There's even a NuGet package ;)
I've solved this issue by making use of the AddOrGetExisting method on the MemoryCache and the use of Lazy initialization.
Essentially, my code looks something like this:
static string GetCachedData(string key, DateTimeOffset offset)
{
Lazy<String> lazyObject = new Lazy<String>(() => SomeHeavyAndExpensiveCalculationThatReturnsAString());
var returnedLazyObject = MemoryCache.Default.AddOrGetExisting(key, lazyObject, offset);
if (returnedLazyObject == null)
return lazyObject.Value;
return ((Lazy<String>) returnedLazyObject).Value;
}
Worst case scenario here is that you create the same Lazy object twice. But that is pretty trivial. The use of AddOrGetExisting guarantees that you'll only ever get one instance of the Lazy object, and so you're also guaranteed to only call the expensive initialization method once.
I assume this code has concurrency issues:
Actually, it's quite possibly fine, though with a possible improvement.
Now, in general the pattern where we have multiple threads setting a shared value on first use, to not lock on the value being obtained and set can be:
Disastrous - other code will assume only one instance exists.
Disastrous - the code that obtains the instance is not can only tolerate one (or perhaps a certain small number) concurrent operations.
Disastrous - the means of storage is not thread-safe (e.g. have two threads adding to a dictionary and you can get all sorts of nasty errors).
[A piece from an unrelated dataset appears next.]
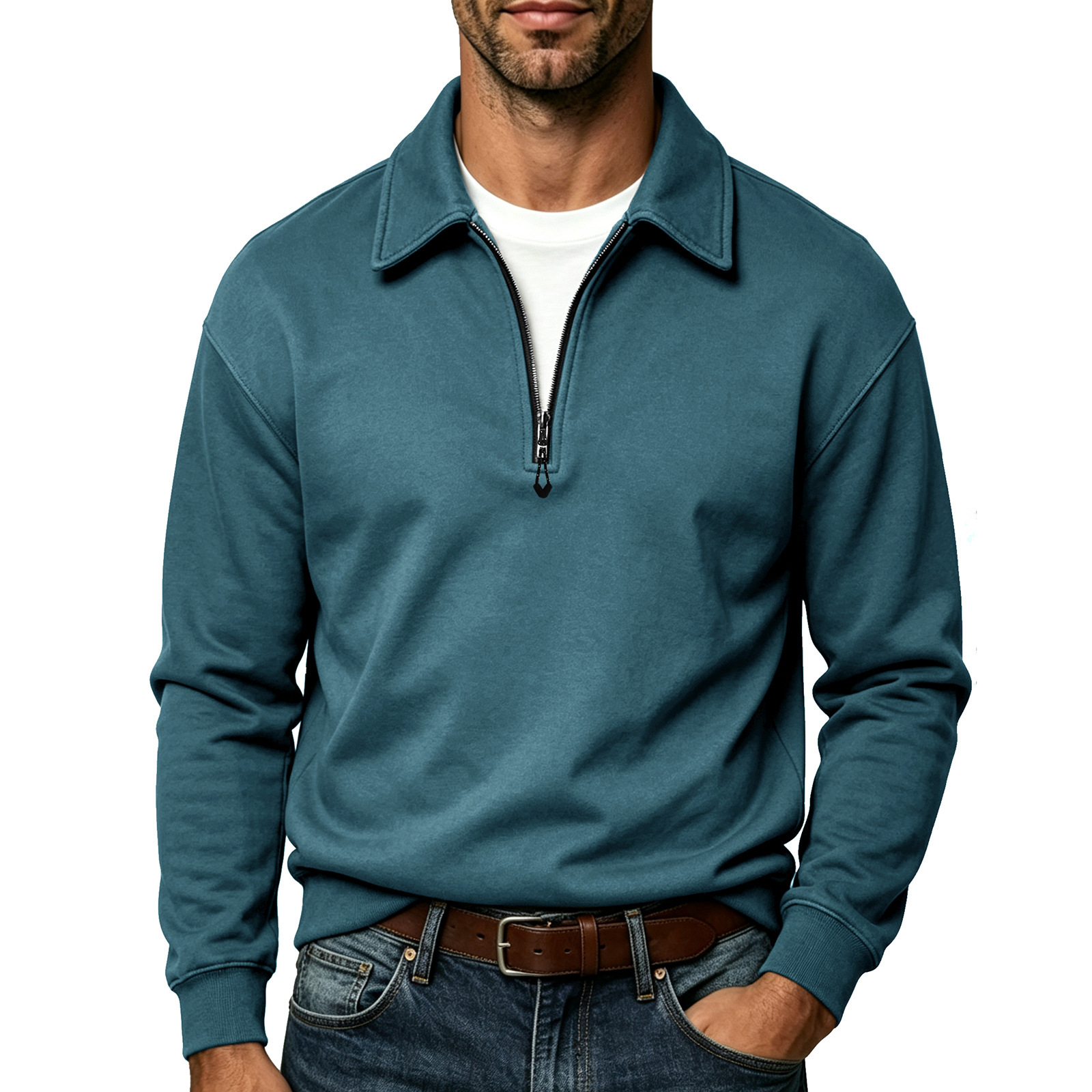 Men's Relaxed Quarter-Zip Polo Sweatshirt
Sub-optimal - the overall performance is worse than if locking had ensured only one thread did the work of obtaining the value.
Optimal - the cost of having multiple threads do redundant work is less than the cost of preventing it, especially since that can only happen during a relatively brief period.
However, considering here that MemoryCache may evict entries then:
If it's disastrous to have more than one instance then MemoryCache is the wrong approach.
If you must prevent simultaneous creation, you should do so at the point of creation.
MemoryCache is thread-safe in terms of access to that object, so that is not a concern here.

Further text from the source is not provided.